I think also there is a cliché – but like most clichés a true one – that there’s this thing in the Midwest which amounts to a kind of enforced humility. Sometimes a mock humility, but the nevertheless a sense of you shouldn’t toot your own horn too much. And I think that has stuck with me.

And then of course the particulars of my parents and my family background entirely apart from the Midwest – or Omaha particularly – has had a dramatic influence on my life. I grew up in a household with lots of books just around, and with lots of music being played around.

My parents went to the local community theater. So the sense that there was a culture out there beyond what was on television was extremely important and sort of to the degree I’ve made a life and a culture in _________. Those were important.

In particular my mother; but both of my parents. I don’t want to undersell my father’s influence. But my mother, who was kind of an amateur Willa Cather scholar, and just a voracious reader. Both my parents sort of privileged books and reading very highly. So I was hard wired with that same sense very early on.

Not really a pivotal moment in my child. . . . There were moments that could have gone wrong. I sort of avoided the negative pivotal moments, if you will. But there wasn’t a moment where I suddenly thought, “Aha! I understand. I should be decent and civilized to people.” Or, “I should read.” No. It was a boringly untroubled childhood, so there was no pivotal moment. It was pleasant and without much in the way of epiphany. I had the various kind of random thoughts that children have.

I was told by my parents once that a radiologist was, and that it was just a matter of looking at x-rays.
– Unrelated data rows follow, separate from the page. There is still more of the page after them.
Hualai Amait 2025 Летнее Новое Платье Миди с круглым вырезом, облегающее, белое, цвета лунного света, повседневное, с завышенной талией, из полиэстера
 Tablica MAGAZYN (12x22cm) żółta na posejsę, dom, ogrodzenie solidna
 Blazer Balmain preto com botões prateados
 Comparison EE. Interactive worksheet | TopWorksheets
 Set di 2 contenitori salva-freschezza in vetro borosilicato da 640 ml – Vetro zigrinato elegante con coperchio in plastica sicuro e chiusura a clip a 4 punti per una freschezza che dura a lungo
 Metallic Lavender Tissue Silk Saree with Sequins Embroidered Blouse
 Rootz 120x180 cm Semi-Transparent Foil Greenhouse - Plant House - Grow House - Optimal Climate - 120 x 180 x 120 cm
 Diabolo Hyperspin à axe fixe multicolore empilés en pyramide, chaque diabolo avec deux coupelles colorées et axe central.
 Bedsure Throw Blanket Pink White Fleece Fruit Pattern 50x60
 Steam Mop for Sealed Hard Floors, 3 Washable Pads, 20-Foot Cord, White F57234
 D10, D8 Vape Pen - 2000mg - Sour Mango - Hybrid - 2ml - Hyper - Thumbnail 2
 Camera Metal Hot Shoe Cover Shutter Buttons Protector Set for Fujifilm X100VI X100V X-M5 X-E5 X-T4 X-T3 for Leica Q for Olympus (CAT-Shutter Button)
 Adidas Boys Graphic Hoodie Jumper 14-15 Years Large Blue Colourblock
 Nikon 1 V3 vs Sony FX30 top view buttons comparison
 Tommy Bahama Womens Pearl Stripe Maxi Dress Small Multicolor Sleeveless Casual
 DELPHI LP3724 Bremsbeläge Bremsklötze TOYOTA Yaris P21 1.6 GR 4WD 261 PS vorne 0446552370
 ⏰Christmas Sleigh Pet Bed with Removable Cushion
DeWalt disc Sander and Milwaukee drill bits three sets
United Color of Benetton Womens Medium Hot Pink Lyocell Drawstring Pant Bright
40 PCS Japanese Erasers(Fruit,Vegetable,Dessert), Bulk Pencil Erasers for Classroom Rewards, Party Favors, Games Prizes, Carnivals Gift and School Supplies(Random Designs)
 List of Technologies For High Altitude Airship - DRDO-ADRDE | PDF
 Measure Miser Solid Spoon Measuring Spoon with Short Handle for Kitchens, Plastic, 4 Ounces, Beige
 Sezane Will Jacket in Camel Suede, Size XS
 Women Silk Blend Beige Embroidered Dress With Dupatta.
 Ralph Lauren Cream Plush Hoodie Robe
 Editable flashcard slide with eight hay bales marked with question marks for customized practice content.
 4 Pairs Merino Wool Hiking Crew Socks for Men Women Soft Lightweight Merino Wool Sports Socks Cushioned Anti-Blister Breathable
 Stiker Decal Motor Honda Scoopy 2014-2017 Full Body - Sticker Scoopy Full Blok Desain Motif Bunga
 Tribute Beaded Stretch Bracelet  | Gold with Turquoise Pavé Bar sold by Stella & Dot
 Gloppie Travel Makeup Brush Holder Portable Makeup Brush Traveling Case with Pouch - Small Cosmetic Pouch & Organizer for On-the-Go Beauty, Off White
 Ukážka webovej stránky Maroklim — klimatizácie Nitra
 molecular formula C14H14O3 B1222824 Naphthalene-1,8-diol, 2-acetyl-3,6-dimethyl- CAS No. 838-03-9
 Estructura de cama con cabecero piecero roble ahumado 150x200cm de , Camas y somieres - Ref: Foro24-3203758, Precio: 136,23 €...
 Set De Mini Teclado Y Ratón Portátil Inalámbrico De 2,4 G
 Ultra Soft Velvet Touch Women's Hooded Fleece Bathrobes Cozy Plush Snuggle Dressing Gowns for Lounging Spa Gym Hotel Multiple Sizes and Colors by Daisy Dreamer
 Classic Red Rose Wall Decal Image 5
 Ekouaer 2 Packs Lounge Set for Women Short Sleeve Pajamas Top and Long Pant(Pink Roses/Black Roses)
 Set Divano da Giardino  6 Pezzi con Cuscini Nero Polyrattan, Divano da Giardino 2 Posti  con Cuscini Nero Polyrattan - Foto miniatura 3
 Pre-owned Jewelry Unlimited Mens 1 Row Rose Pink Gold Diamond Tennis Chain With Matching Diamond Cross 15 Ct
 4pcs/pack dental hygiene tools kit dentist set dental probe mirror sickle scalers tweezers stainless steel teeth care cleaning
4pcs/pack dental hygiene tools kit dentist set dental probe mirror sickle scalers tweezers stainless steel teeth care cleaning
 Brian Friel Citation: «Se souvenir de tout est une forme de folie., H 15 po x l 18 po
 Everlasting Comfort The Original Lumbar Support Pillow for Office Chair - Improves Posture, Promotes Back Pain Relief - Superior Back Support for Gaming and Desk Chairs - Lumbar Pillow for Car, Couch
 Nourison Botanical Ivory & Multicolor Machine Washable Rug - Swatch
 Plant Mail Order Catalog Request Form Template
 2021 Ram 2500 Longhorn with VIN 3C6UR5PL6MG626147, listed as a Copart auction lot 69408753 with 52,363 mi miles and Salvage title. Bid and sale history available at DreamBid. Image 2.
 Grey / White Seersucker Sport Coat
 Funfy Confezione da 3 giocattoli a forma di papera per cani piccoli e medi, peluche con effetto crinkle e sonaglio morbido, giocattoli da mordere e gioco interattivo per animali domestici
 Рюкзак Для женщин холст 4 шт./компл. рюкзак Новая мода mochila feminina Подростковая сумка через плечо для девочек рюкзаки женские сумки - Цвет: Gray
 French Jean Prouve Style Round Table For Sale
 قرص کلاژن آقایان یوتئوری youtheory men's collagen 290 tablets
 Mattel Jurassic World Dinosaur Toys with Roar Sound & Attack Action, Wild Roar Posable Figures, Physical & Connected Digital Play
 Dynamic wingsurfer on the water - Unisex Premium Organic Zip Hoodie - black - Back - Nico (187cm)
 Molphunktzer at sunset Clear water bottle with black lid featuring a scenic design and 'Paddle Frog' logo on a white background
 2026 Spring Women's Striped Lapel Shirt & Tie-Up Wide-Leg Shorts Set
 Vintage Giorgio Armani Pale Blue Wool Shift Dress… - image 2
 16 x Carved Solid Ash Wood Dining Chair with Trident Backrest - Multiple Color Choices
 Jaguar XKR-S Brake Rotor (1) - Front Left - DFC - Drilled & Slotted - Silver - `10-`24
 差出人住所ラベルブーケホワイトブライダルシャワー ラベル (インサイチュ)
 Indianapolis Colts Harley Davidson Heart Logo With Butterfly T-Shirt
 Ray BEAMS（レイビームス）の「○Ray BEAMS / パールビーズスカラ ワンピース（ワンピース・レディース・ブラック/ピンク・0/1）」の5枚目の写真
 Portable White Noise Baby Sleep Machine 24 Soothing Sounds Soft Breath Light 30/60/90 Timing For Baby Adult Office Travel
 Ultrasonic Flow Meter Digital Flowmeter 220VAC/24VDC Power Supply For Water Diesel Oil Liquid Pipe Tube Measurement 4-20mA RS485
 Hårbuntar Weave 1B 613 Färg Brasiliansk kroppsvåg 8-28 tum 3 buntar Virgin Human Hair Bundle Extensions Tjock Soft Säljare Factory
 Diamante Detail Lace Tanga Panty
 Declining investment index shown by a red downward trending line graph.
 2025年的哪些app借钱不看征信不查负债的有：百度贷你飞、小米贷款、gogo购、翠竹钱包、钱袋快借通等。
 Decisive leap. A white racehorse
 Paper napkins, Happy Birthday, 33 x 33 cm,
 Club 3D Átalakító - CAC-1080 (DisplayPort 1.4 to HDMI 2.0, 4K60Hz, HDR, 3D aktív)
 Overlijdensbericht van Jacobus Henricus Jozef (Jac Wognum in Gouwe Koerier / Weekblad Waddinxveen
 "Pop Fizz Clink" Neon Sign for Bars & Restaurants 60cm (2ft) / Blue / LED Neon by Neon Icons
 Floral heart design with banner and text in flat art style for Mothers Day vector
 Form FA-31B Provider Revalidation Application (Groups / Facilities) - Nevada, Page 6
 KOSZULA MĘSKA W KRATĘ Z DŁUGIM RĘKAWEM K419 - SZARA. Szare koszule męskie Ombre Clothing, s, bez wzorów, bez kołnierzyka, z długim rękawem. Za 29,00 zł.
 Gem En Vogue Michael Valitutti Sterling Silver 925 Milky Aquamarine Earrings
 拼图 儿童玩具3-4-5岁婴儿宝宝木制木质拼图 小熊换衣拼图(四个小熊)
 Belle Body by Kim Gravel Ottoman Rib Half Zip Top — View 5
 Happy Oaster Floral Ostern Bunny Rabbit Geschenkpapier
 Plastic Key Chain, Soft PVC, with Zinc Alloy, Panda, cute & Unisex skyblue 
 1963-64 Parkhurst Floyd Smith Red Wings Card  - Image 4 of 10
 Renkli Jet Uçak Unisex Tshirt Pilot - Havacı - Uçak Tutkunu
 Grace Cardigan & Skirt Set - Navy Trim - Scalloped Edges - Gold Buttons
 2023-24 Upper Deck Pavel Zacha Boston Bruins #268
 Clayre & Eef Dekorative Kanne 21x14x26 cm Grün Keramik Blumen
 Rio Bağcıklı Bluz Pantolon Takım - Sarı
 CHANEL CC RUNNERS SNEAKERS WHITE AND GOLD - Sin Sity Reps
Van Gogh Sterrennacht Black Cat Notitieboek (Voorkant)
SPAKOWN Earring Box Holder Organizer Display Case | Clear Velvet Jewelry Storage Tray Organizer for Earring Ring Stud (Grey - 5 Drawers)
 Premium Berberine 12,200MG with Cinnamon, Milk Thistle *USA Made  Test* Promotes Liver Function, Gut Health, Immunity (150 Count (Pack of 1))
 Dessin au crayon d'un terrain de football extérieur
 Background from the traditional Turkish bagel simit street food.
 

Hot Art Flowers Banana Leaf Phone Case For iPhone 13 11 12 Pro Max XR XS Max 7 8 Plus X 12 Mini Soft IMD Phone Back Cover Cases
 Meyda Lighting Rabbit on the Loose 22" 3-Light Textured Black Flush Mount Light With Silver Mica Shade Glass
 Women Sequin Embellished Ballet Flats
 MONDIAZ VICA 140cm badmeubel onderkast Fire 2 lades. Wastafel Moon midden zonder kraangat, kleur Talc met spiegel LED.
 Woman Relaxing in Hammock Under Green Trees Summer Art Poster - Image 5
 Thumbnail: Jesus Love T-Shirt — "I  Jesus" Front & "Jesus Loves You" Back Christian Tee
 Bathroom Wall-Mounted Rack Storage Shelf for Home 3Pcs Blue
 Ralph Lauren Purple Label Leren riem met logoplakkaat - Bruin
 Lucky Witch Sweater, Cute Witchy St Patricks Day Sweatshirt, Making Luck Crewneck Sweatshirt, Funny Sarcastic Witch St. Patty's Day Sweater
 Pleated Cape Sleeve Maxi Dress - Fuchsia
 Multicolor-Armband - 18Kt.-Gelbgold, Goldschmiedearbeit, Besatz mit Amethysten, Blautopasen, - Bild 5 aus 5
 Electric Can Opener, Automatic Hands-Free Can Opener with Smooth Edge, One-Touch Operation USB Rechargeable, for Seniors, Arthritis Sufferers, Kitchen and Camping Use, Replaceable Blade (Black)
And I thought that sounded good. But I guess I thought I might be a scientist of some sort as a little kid.

I began writing in the school newspaper and things like that when I was in junior high school. And I guess I probably began imagining that I could have a life as a writer. But when I left Omaha for college, I imagined that I would be some kind of academic. It wasn’t until I got to an academic environment until I realized, “I don’t think so.” And indeed the fact that I could write, that my professors and teachers at college thought I wrote well, made me think, “Well then, maybe I could write.”